En la tradición occidental que arriba a Wordsworth ,venimos de Dios, que es nuestro hogar, y al final volvemos al hogar originario siquiera dolorosamente. Esta vuelta dolorosa a través de las vicisitudes temporales y la muerte se convierte en una revuelta dolorida, atravesada por una lanza clavada en nuestro costado izquierdo, el costado del Dios sufriente y amante según Jorge Oteiza (en su obra Existe Dios al Noroeste). Pues bien, he aquí que la negatividad del sufrimiento humano en este mundo tiene la virtualidad de despertar la conciencia más propia del hombre, como dijera O.Wilde o F.Dostoievski y adujeran Schopenhauer y nuestro Unamuno.

En el maduro O. Wilde nuestra humana identidad está marcada o alanceada por la conciencia de sufrir la vida, de modo que la existencia sería el padecimiento de la vida (véase De profundis). Por su parte, de Schopenhauer a Unamuno el racional “pienso luego existo” de Descartes se trasforma en el patético “sufro luego existo”, o como lo expresa Dimitri Karamazov adversativamente “sufro pero existo”. Por eso no hay que consolarse en el dolor fláccidamente, sino llevar su solidez adversa hasta su borde líquido: el llanto que no lo liquida pero lo licuefacta, diluye y desolidifica, como aduce el monje Zosima, asumiendo así la desolación desoladora y no desaladoramente–así pues, críticamente.

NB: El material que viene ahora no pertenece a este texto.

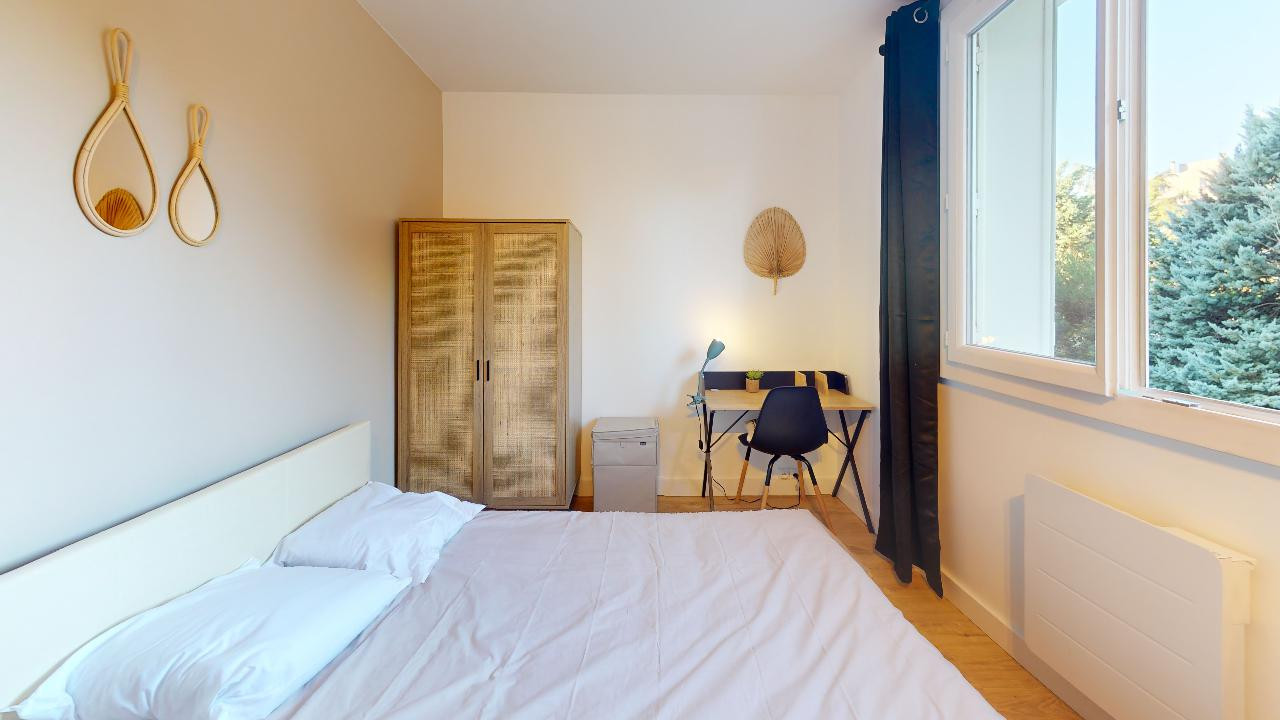 
                                                Colocation
                                                 Colocation de 3 chambres dans un appartement traversant Est/Ouest entièrement meublé et rénové à Lyon 5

Nadie puede superar la desesperación con la esperanza de la que precisamente carece drásticamente : pero puede “supurarla” de modo que la desesperación no llegue al paroxismo de la desesperanza desesperada y desesperante, sino que encuentre su límite en la esfera de una “espera” que posibilite desesperar de la propia desesperación. Esta espera se denomina filosóficamente apertura a la trascendencia, una apertura a nada y todo, o sea, al todo-nada (Dios), y puede señalarse por un abrimiento flotante o detención/detección expectante, cuyo símbolo sería el “calderón” musical. El cual curiosamente es un límite ilímite y una parada/abierta (fermata/aperta), consignificando así no la superación final de la melodía de la existencia, sino la supuración finalinicial o iniciática de la existencia (en/por el calderón de la muerte como limen extático o liminaridad simbólica).

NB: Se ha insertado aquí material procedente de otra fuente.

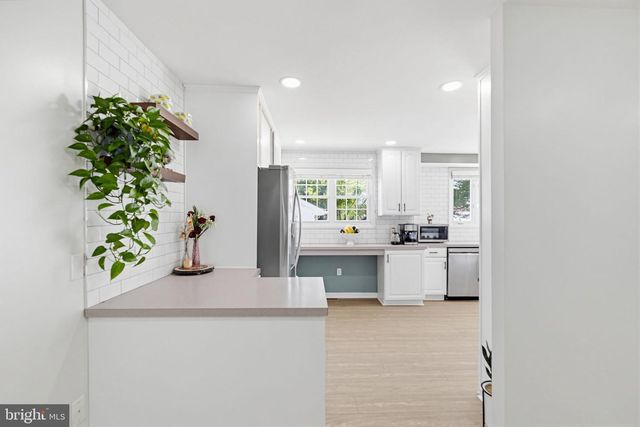 302 W HENRY ST, Palmyra, NJ 08065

El calderón musical no suspende la realidad, pero la deja en suspenso o suspensión, albergándola en el horizonte más amplio del ser. No se trata pues de un cierre categorial, sino de un cierre trascendental: en donde el cierre significa el dolor o sinsentido, y su trascendencia mienta la apertura del sentido. La clave está en que el cierre es real, como el propio dolor físico, mientras que la apertura es simbólica, a modo de duelo anímico o surreal: meta-físico. De este modo, el dolor de ser hombre se reconvierte en el duelo de existir: en su doble sentido de duelo oscuro y duelo luminoso, cerrazón dolorosa y abrimiento gozoso.

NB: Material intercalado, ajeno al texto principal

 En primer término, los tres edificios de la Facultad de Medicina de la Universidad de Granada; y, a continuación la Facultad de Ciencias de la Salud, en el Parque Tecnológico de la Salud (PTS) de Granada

En la pintura contemporánea de F. Bacon cabe encontrar el sintomático proceso de trasfiguración del mal y de sublimación de la fealdad, así como la correspectiva desublimación del bien y la desfiguración de la belleza. Asistimos hoy a la experiencia contrapuesta del dolor y del sentido, pero se trata de una experiencia compuesta: la diferencia radica en que el sentido duele en el alma y el dolor se siente en el cuerpo. Dolor del sentido y sentido del dolor revertido en duelo: el doble juego de existir, la conjugación de los opuestos, el dolor sentido y el sentido dolido de la existencia. El hombre yace atrapado entre los contrarios, mas no se trata de liberarlos sino de religarlos coímplicemente. Pues la liberación del hombre depende de la religación de esos contrarios contraídos: solo así el sentido abre el dolor para que no se pudra, mientras que el dolor arraiga el sentido para que no se volatilice.